ジュリー氏は、ジャニーズ事務所の名誉会長だった故藤島メリー泰子氏の長女で、故ジャニー喜多川氏のめい。公開されている同書の冒頭部分によると、本の出版はジャニー氏による「ジャニーズJr.」ら同事務所の扉を叩いた少年たちへの連続性加害を英BBCが3月に伝えた2023年の12月、ジュリー氏が小説のドラマ化話を持ちかけていた作家・早見和真氏とのメールのやりとりのなかで、その意思を示したのが発端のようだ。早見氏は序章でこうつづっている。
《ジュリー氏は唐突に自分の身に起きた一連の出来事を本にすることを考えていると伝えてきた》
早見氏のインタビューに答える形式となったのは、そうした流れだろう。ジュリー氏は自らの半生を振り返り、ジャニーズ事務所内でのポジションやジャニー氏、メリー氏との関係からアイドルグループ「嵐」との関わりなどを語っているという。一方で、スマイル社社長に就任した東山紀之氏が「鬼畜の所業」と表現したジャニー氏の性加害について、被害者へ謝罪しつつも、「知りませんでした」との記者会見で主張に変わりはないようだ。

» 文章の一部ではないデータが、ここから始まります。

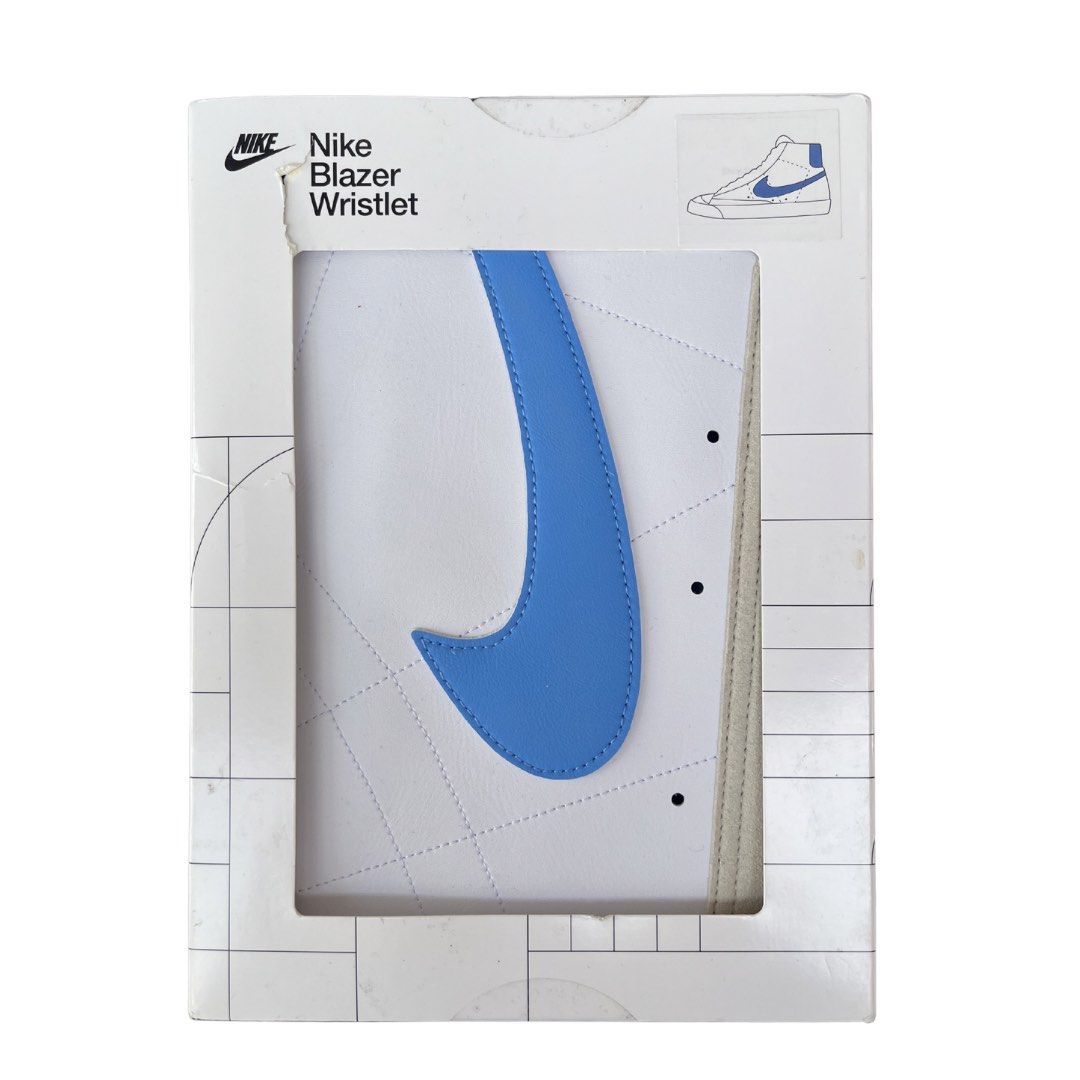 Nike Blazer Wristlet Pouch (Category: Purses & Pouches) located in Angeles City. Submitted by 4sureph (Listing ID 1451203931, Image 1). Description: - White and blue Nike wristlet - Inspired by the classic Blazer shoe design - Zipper closure with an interior slot - Can hold phones and small essentials - Includes a detachable wrist strap - Ideal for carrying daily necessities.
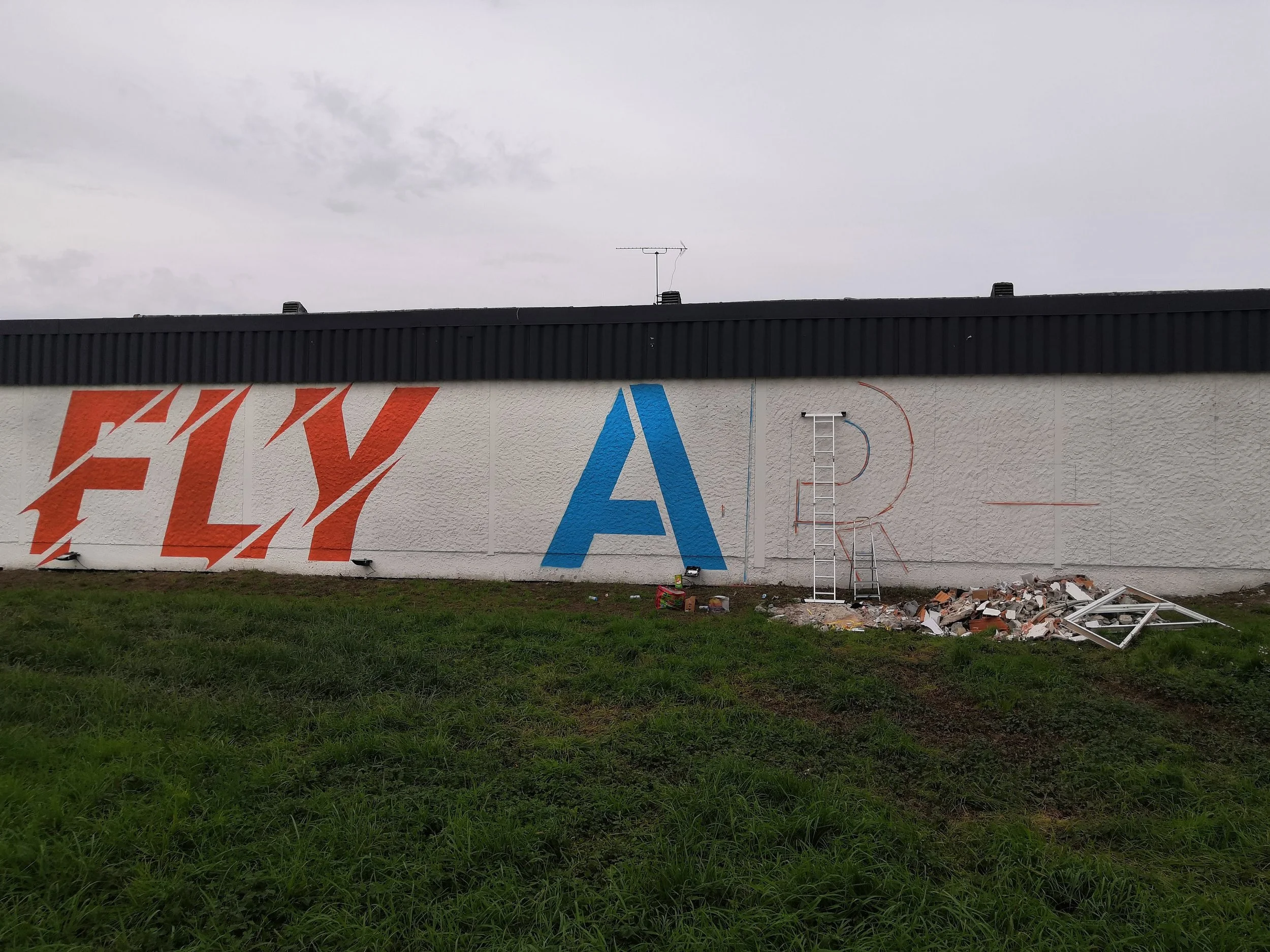 Une façade de magasin en cours de peinture avec des lettres en cours d'installation, un escabeau, des débris au sol, et un ciel nuageux au-dessus.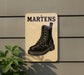 A sign with the word "MARTENS" written on it, featuring a black and white illustration of a boot.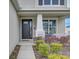 A detailed view of the front porch with beautiful landscaping and a black front door at 34159 Astoria Cir, Wesley Chapel, FL 33545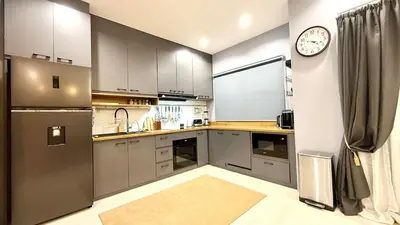 a kitchen with stainless steel appliances and a clock on the wall at Stylish Family Townhouse 3 Bdr in Chalong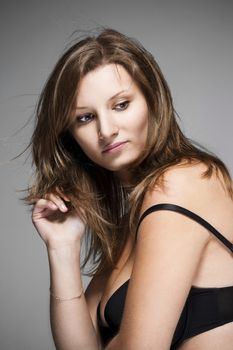 portrait of a young beautiful woman with brown hair against gray background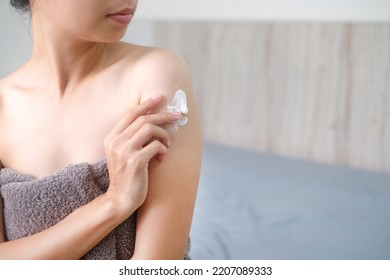 Asia woman applying natural cream, Woman moisturizing her arm with cosmetic cream, Spa and Manicure concept. - Shutterstock ID 2207089333
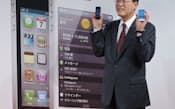 発売イベントで「iPhone 4S」を手にするKDDIの田中社長(14日、東京都渋谷区)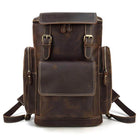 Durable brown leather duffel with multiple compartments, a large travel bag for men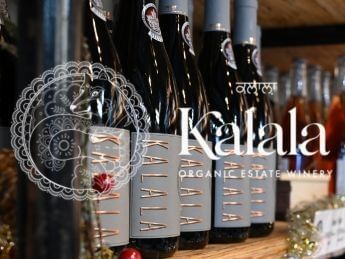 Bottles of Kalala Organic Estate Winery wine lined up on a shelf.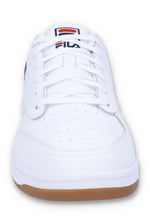 White sneaker with brown sole on a white background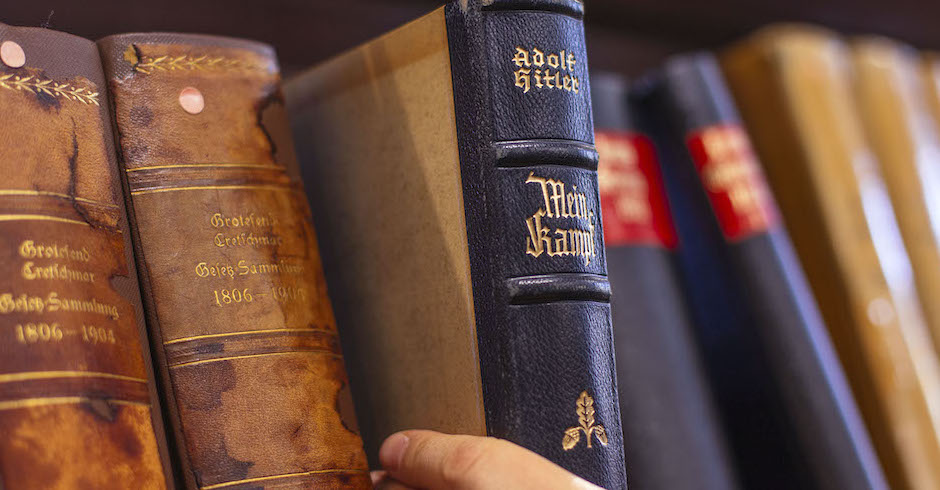 Frauenhand entnimmt Buch aus Bücherregal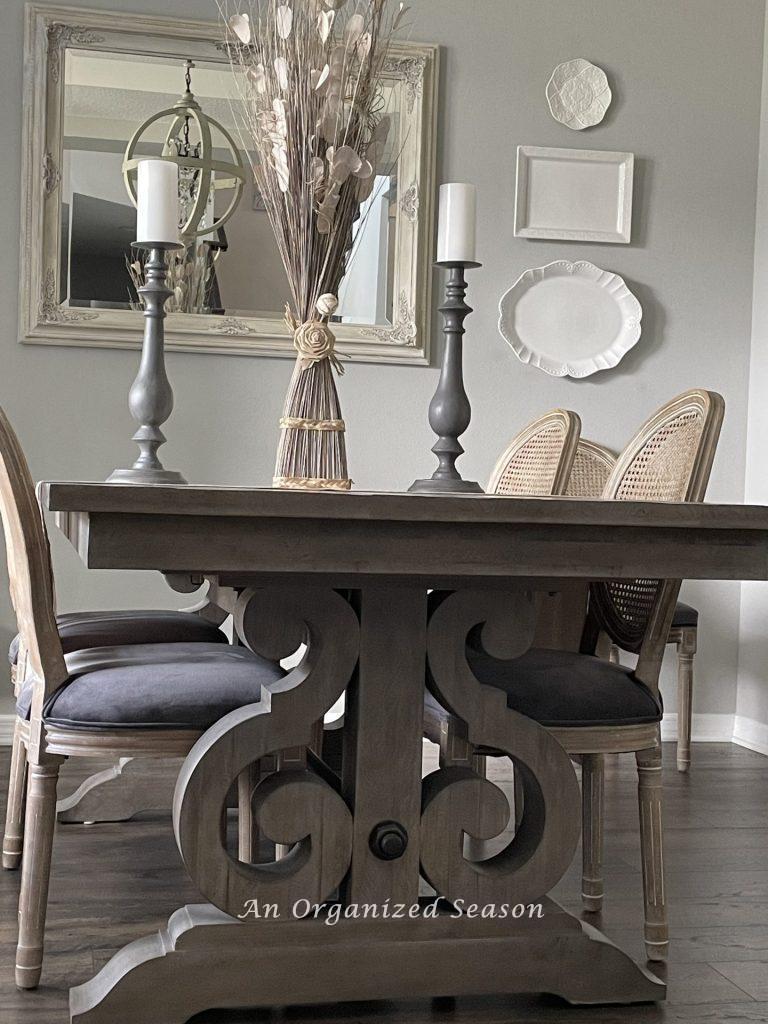 A dining room table with swirled decorative legs.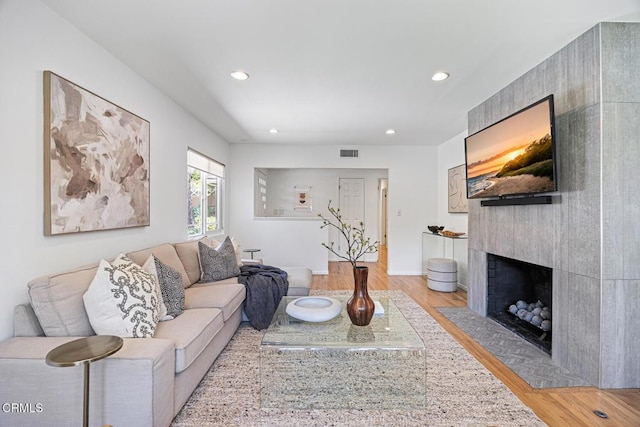 4520 Lone Pine Ln, La Canada Flintridge, CA 91011 - living area featuring light wood-style flooring, recessed lighting, and a fireplace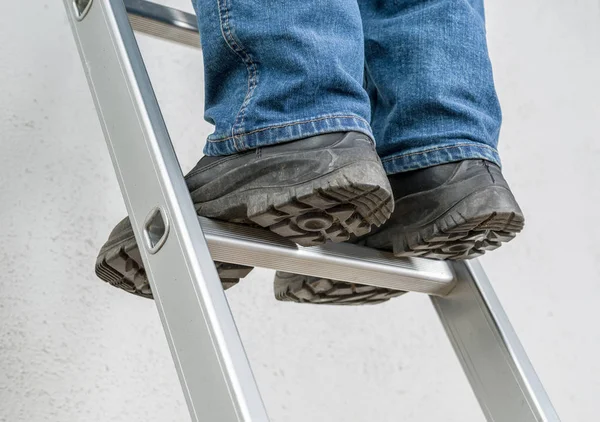 Bir adam bir merdiven standları — Stok fotoğraf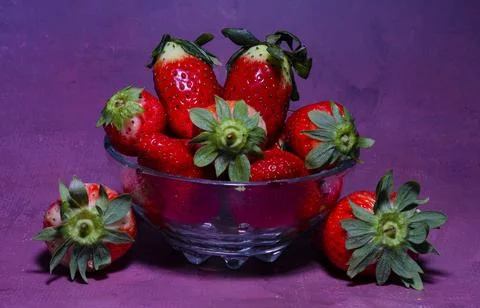 Composition of a cup with ripe strawberries on a delicate pink-violet backg.. Stock Photos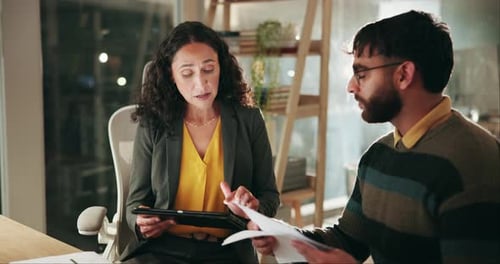 Business Meeting with Tablet Discussion at Office Desk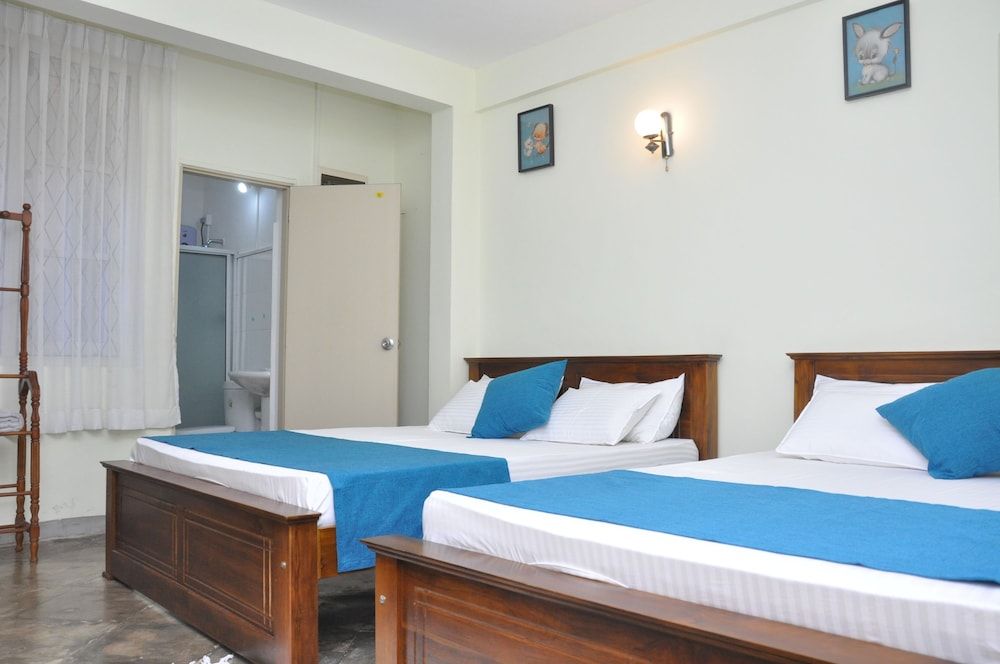 Hanthana Holiday Rooms Family Quadruple Room, 2 Double Beds, Non Smoking, Garden Area 3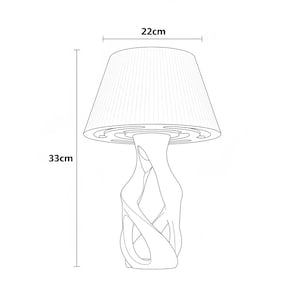 May include: A white table lamp with a pleated lampshade, 22 cm wide and 33 cm tall. The lamp base has an abstract, intertwined design. The lamp is a line drawing.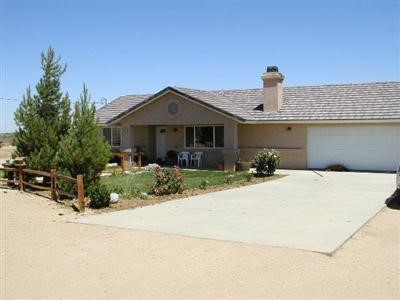 6632 Solano Road Phelan, CA 92371 - Photo 1 of 1 a front view of a house with a garden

「自伝などを出版し、半生を振り返るのは、リタイア前後の中小企業社長などによくあるパターンで、出版不況の昨今は、それを貴重な収入源として、盛んに営業をかける出版社もあります。藤島ジュリー氏が半生を本にしたいというお気持ちも、出版を決めた新潮社の決断も理解できる気がします。まして藤島氏は著名人ですから、マスコミを通じて報じられ、話題作になります」
とは、某出版プロデューサー。
「ただ、ジャニーズ連続性加害問題へのマスコミ報道が一段落した現状を鑑みると、少し余裕がみえるといいますか、逃げ切ったという思いもあるのかなという印象も拭えません」と続けた。
■今も苦しみを訴える被害者たちには「補償対象外」と徹底抗戦のスマイルアップ
記者会見などでリポーターをしている小柳美江氏はこう言う。
「ジュリーさんの本がどのような内容なのか分かりませんが、4桁に及ぶジャニー氏からの性被害者の半生がどれほど残酷だったか、それによって人生を狂わされてしまった人たちに対して、どのような思いでいるのか、お聞きしたいです。東山さんは『法を超えた補償』と会見で宣言しておられましたが、被害を訴えたのに(スマイル社から)被害者と認められず、苦しんでいる方もいます。裁判で補償請求できる地位にあることの確認などを求めているのは、長年、口にすることもできなかった言いしれぬ思いを抱えているからです。にもかかわらず、スマイル社は争う姿勢まで見せています。そうしたことをジュリーさんはどう考えているのでしょうか」
ジュリー氏は2回にわたって開かれた記者会見のうち1回を欠席、その後、補償問題を含め、公の席に一切姿を見せていない。オープンな場で記者会見を開けば、ジュリー氏への取材が殺到することだろうが、そうする気配は全くない。
マスコミからはこんな見方も上がっている。
「語りたくないところは語らないということでしょう。本でも、語られていないところは多分にあるように見ています」
つまびらかにした半生語りより、語っていない核心部分にこそ要注目かも知れない。